Durant 26 minutes, sur une musique digne d’un film de science-fiction – ou d’horreur -, la journaliste explique qu’elle a investigué, et trouvé « un lieu où des gays ont des relations sexuelles ». Le téléspectateur est alors entraîné dans une atmosphère d’angoisse. Et l’audimat explose.
Un acteur a été envoyé dans le hammam, réservé aux hommes, pour décrire la situation. « Des scènes inimaginables, au-delà de toute compréhension humaine », témoigne-t-il. Mais sans images à l’appui.
Mobilisation générale
La page Facebook de Mona Iraqi déborde de commentaires en toutes langues suite à la rafle d’homosexuels.
Depuis ce « scoop » des plus scandaleux, la société civile du monde arabe se mobilise et condamne l’action crapuleuse de Mona Iraqi. Un appel est aussitôt lancé pour abreuver la page Facebook de la journaliste de critiques et de condamnations. C’est un déchaînement de violences verbales. Cause ou conséquence, la journaliste, qui s’était félicitée de la fermeture de ces « nids de débauche », rétropédale le 11 décembre en affirmant n’avoir jamais donné l’adresse du bain maure à la police. Mona Iraqi enlève de sa page et de son compte Twitter ce dont elle s’enorgueillissait quelques heures auparavant ; à savoir ces photos non floutées d’hommes humiliés durant leur arrestation. Mais certaines personnes ont gardé des traces de cette triste histoire, à l’instar d’un défenseur des droits LGBT qui a publié sur son blog les captures d’écran : https://www.stophomophobie.com//au-dela-de-limmonde-mona-iraqi-la-journaliste-egyptienne-qui-se-felicite-de-traquer-les-homosexuels/
Aussi, lundi 15 décembre, de nombreuses organisations de défense des droits de l’homme ont publié un communiqué pour dénoncer et condamner cette arrestation massive d’homosexuels au Caire : https://www.stophomophobie.com//des-organisations-influentes-dans-le-monde-arabe-denoncent-la-persecution-des-homosexuels-et-la-complicite-des-medias-en-egypte/
« Mona Iraqi a déshonoré de part ses agissements le métier de journaliste. Nous affirmons que c’est cette personne qui a violé la loi et non les hommes qui ont été arrêtés, peut-on lire. Nous exigeons que la présentatrice soit tenue responsable devant la loi pour avoir usé abusivement de sa profession afin de violer la vie privée d’autrui et les diffamer, ceci pour poursuivre des avantages professionnels sans tenir compte des conséquences. »
La répression des homosexuels ne faiblit pas
Le régime de Sissi semble ainsi agir de la même manière que celui de Moubarak, sous lequel s’était produite l’affaire du Queens Boat en 2001 (une boîte de nuit dans laquelle une cinquantaine d’homosexuels avaient été arrêtés), à savoir donner des gages aux islamistes.

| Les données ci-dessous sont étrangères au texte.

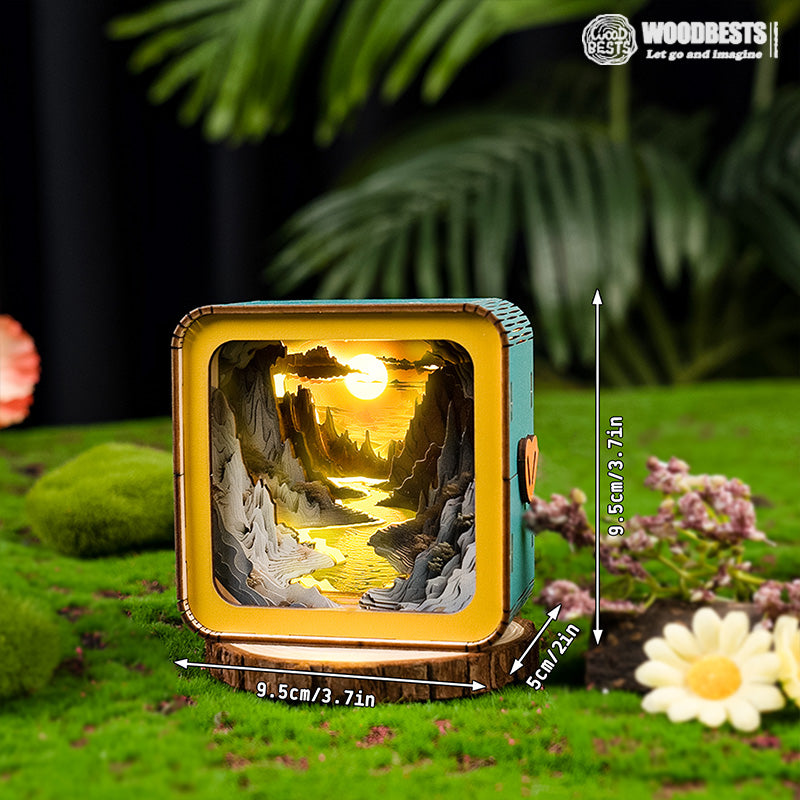 Long River Sunset Kit - 3D Wooden Puzzle Night Light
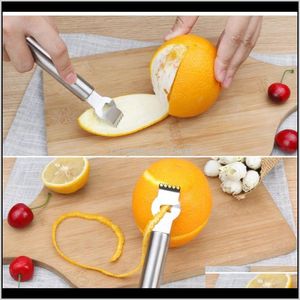 Cozinha vegetal, jantar casa jardim entrega 2021 peelers de limão de aço inoxidável laranja cítrico zester frutas peeler bar gadgets kitche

Les exemples foisonnent. Début novembre, huit hommes poursuivis pour « incitation à la débauche et outrage à la morale publique » ont été condamnés à trois ans de prison : ils sont accusés d’être apparus dans une vidéo montrant un mariage gay.
En Egypte, la communauté homosexuelle demeure victime d’une féroce répression. Si l’homosexualité n’est pas formellement interdite par la loi, la « débauche » l’est. Et c’est ce terme qui est utilisé par la justice pour condamner les homosexuels. Depuis un an et demi, plus de 150 personnes ont été interpellées sur la base de fausses allégations. Le discours officiel qui tend à diffuser des stéréotypes assimilant l’homosexualité au sida est loin d’améliorer la situation de cette communauté au sein de la société égyptienne. Les procès intentés aux homosexuels dans le pays n’ont pourtant de cesse d’être dénoncés par les ONG.
En septembre, Human Rights Watch soulignait que « les autorités égyptiennes ont à plusieurs reprises arrêté, torturé et détenu des hommes soupçonnés de conduite homosexuelle ». HRW condamne par exemple le fait que les personnes accusées d’homosexualité subissent un examen anal.
En 2013, un sondage du Centre de recherches américain Pew montrait que seulement 3% des Egyptiens pensaient que « la société devait accepter l’homosexualité ». Et l’émission de Mona Iraqi ne risque pas de faire changer la tendance. Les jeunes arrêtés lors de la préparation de son émission doivent être jugés le 21 décembre prochain.